The Problem with UI Changes
Unit tests are great at telling you that a function still returns the right number. They are terrible at telling you that a button still looks like a button.
Most UI regressions are not logic bugs. They are a tweaked Tailwind class, a font stack that fell back, a flexbox rule that pushed an icon one pixel to the left. Every one of these is invisible to expect(value).toBe(...) — but the moment a real person loads the page, they see it.
Visual Regression Testing (VRT) fixes this by comparing actual pixels. You take a screenshot of a component, commit it to the repo as a baseline, and on every future run you compare against it. If pixels drift, the test fails.
Why Storybook + Playwright + Docker
There are three problems you have to solve before VRT becomes useful:
- What to screenshot. You need each component rendered in isolation, in a state you control.
- How to screenshot it. You need a headless browser that drives real rendering.
- Where to screenshot it. Fonts, sub-pixel anti-aliasing, and GPU rasterization all differ between machines. A baseline taken on my laptop will fail on yours.

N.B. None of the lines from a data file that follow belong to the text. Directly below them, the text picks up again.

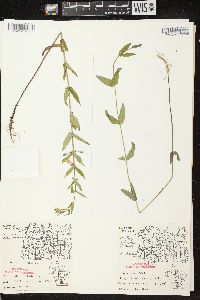 Scutellaria galericulata image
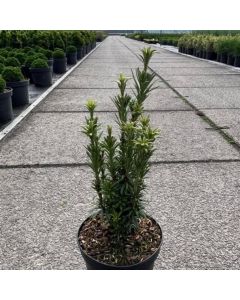 Cephalotaxus harringtonii 'Taranto'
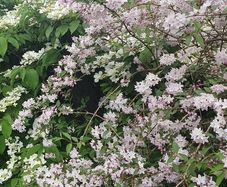 Flowering Shrubs, Garden Plants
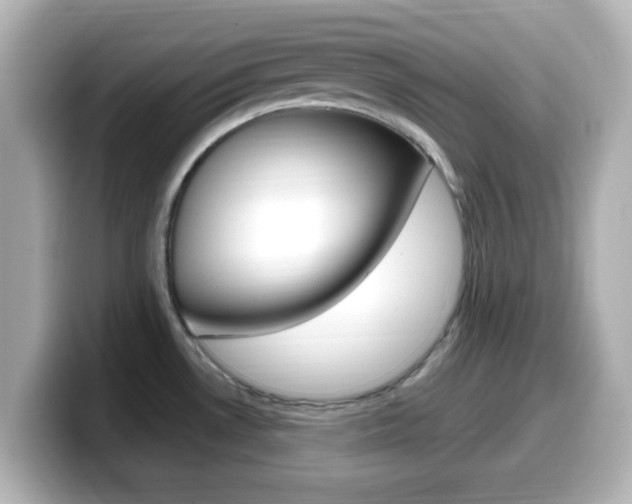 X0000099401530200805081231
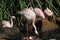 Lesser flamingo Phoeniconaias minor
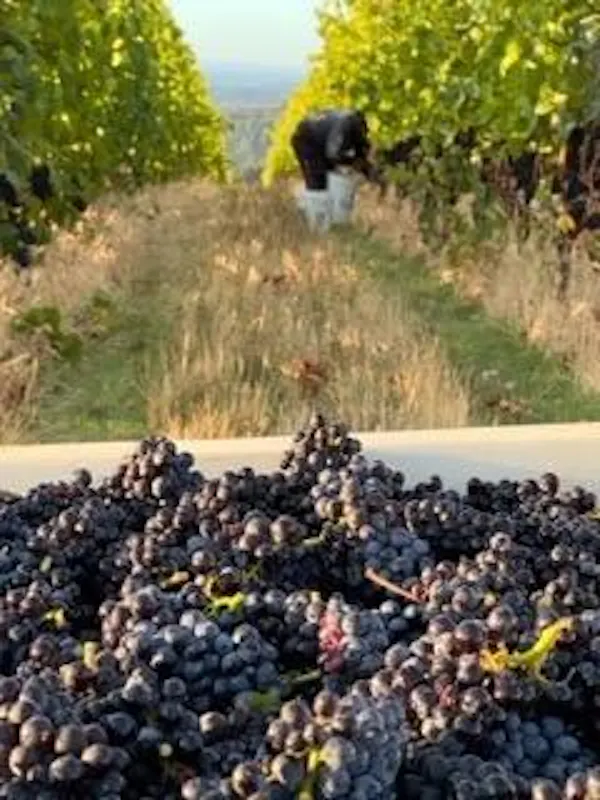 agriculture, vineyard, plantation, grapes, grapevines, grape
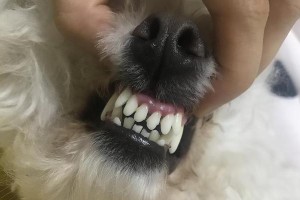 贵宾犬换牙时间及过程详解（了解贵宾犬换牙的时间和注意事项）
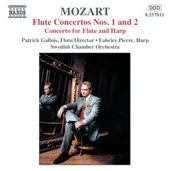 Flute Concertos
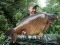 A chunk on the riser pellet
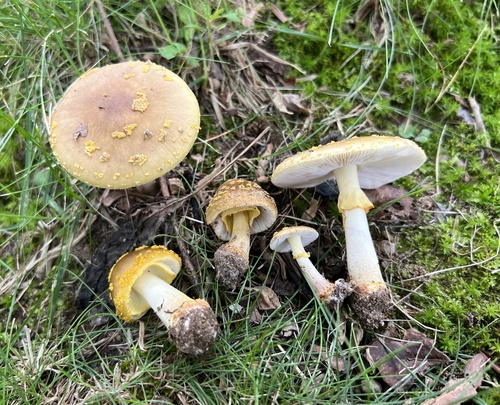 Yellow American Blusher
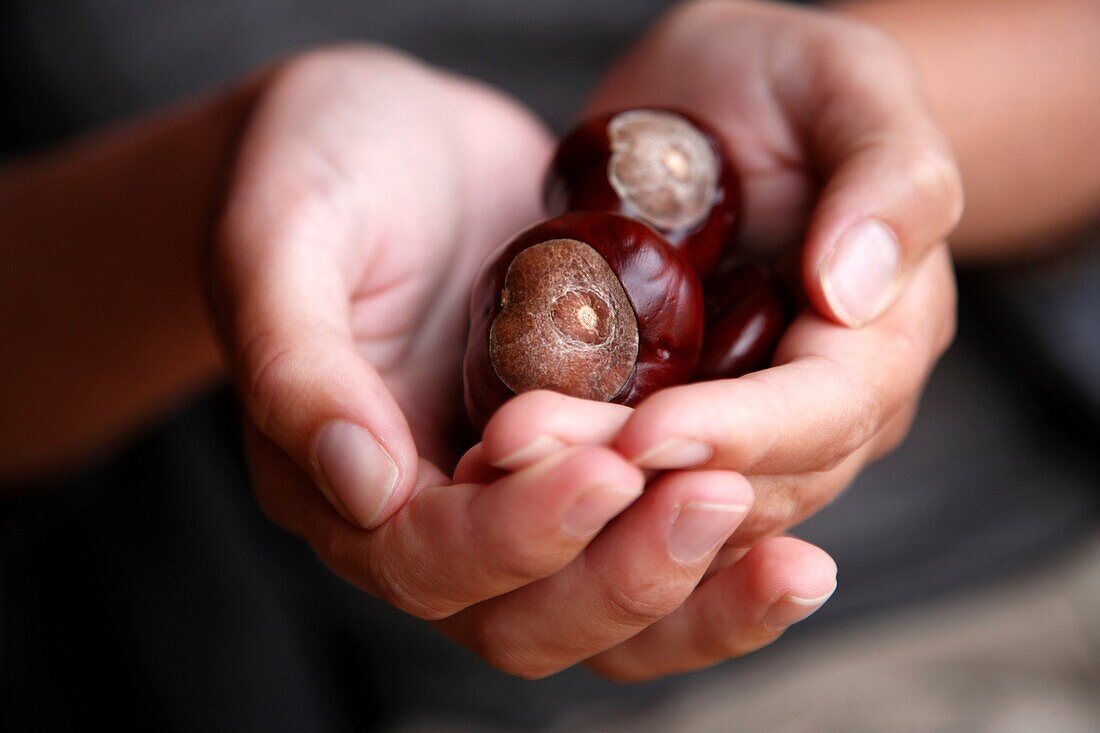A pair of hands holding horse chestnuts or conkers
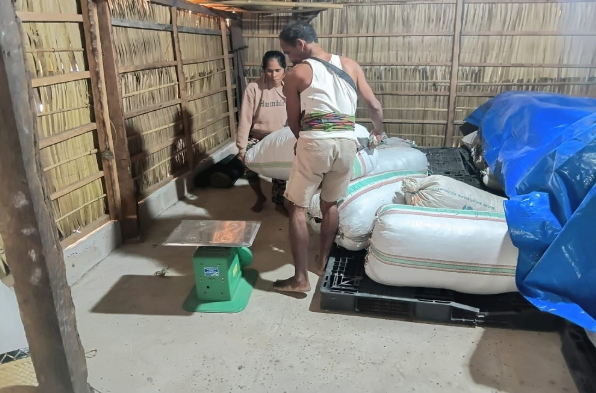 Semakin Perkuat Akses Pasar dan Nilai Jual Rumput Laut Jiwuwu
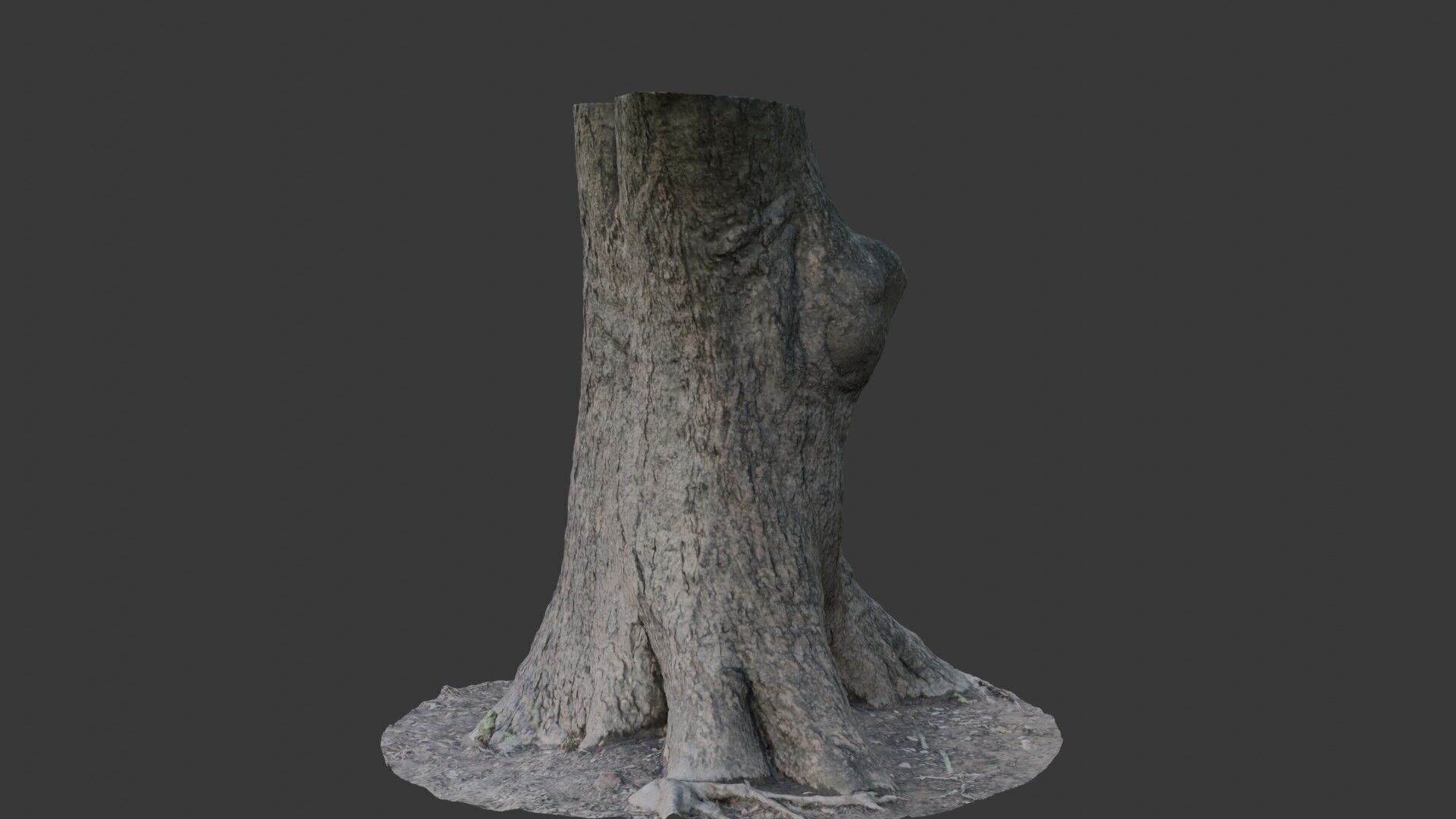 Realistic 3D Scanned Wide Tree Trunk Low-poly 3D model_7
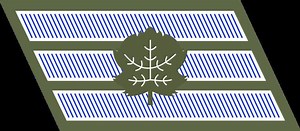 Staff sergeant - Alchetron, The Free Social Encyclopedia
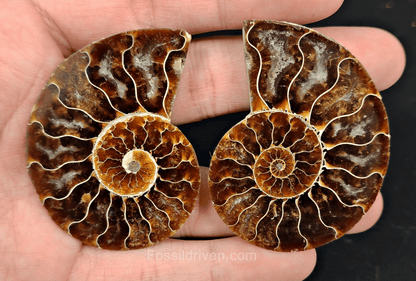 2.27" Cut & Polished Agatized Ammonite Fossil – Display Specimen | Fossil Driven - Fossil Driven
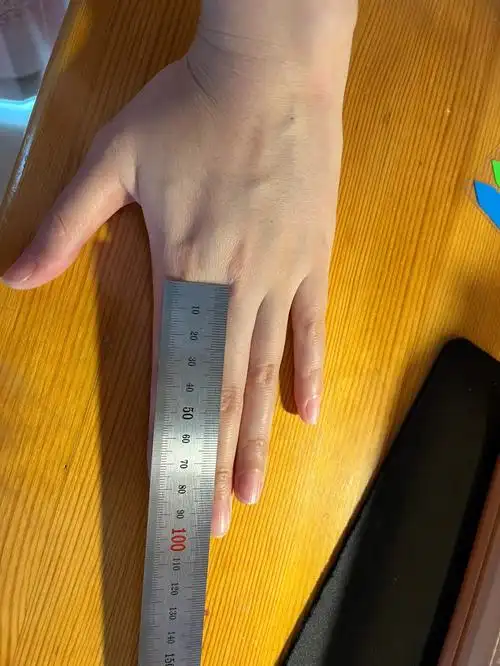 手指长度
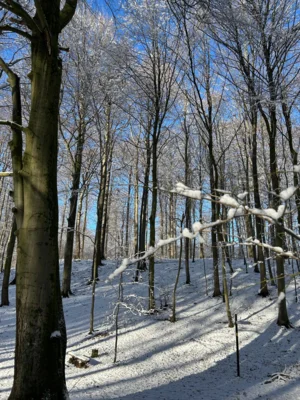 Foto des Albums: Totenborn, Blutbach und leckere Torten
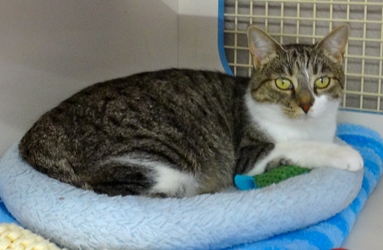 [picture of Heidi, a Domestic Short Hair tabby and white cat]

Each piece of the stack solves one of these problems:
| Tool | Category | Role in VRT |
|---|---|---|
| Storybook | Component workshop | Renders each component in a fixed, isolated state |
| Playwright | Browser automation | Navigates to stories and captures screenshots |
| Docker | Sandboxed environment | Makes the render identical on every machine |
Storybook tells you what to shoot, Playwright tells you how, and Docker tells you where — in a container that looks the same on my laptop, your laptop, and CI.
How It Works on This Site
This blog is where I dog-food all of this. Every component has a .stories.tsx file, and a single Playwright test iterates over every story and takes a screenshot.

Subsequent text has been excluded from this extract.